> _Record excerpts_:
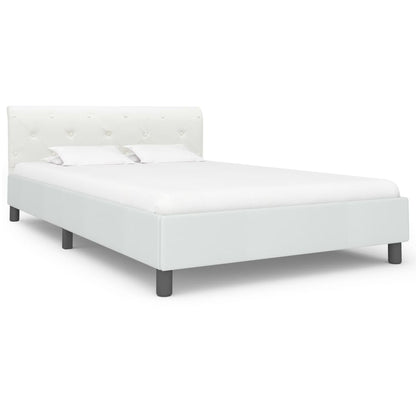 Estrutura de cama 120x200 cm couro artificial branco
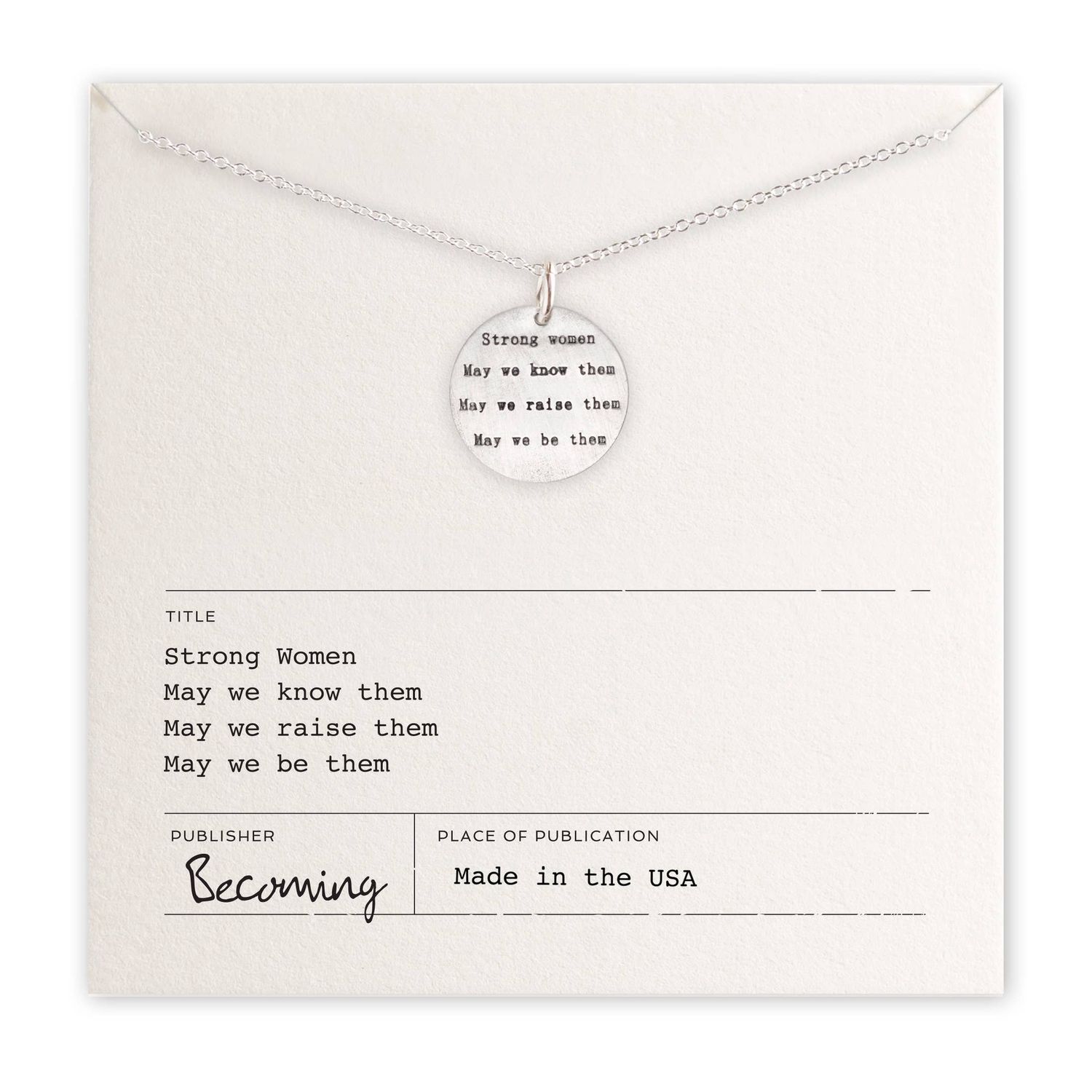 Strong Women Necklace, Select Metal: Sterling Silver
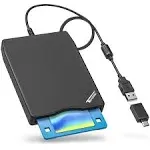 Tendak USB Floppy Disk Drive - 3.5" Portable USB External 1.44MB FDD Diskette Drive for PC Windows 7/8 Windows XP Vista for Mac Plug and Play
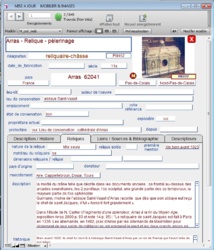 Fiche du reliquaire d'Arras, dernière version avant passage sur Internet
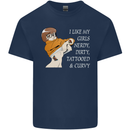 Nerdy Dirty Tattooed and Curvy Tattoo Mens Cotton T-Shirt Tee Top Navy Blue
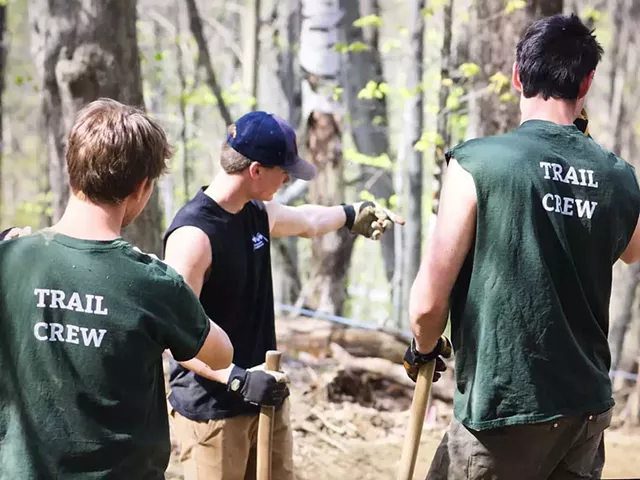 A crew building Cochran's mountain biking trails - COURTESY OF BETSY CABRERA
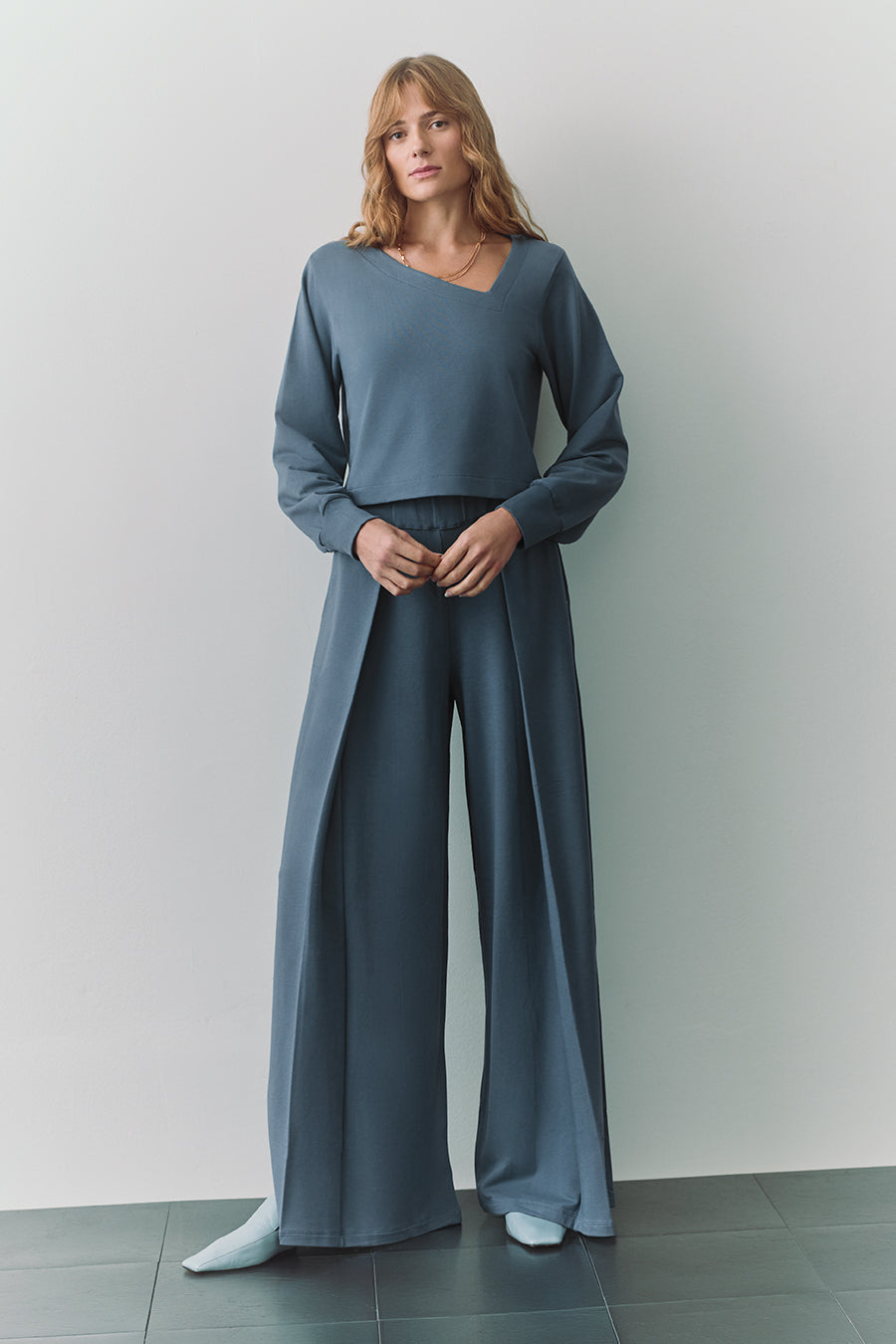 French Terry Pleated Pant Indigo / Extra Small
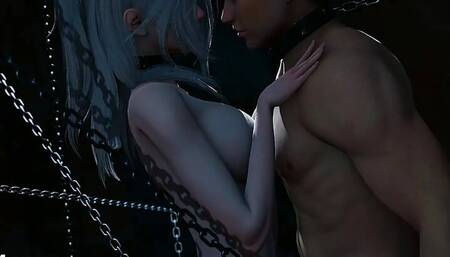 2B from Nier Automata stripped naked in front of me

> _Problem statement_:
What is needed is an exact transcription of the lines from the one holding "Tendak USB Floppy" to the end of the data, with every picture left out.

> _Expected answer_:
 Tendak USB Floppy Disk Drive - 3.5" Portable USB External 1.44MB FDD Diskette Drive for PC Windows 7/8 Windows XP Vista for Mac Plug and Play
 Fiche du reliquaire d'Arras, dernière version avant passage sur Internet
 Nerdy Dirty Tattooed and Curvy Tattoo Mens Cotton T-Shirt Tee Top Navy Blue
 A crew building Cochran's mountain biking trails - COURTESY OF BETSY CABRERA
 French Terry Pleated Pant Indigo / Extra Small
 2B from Nier Automata stripped naked in front of me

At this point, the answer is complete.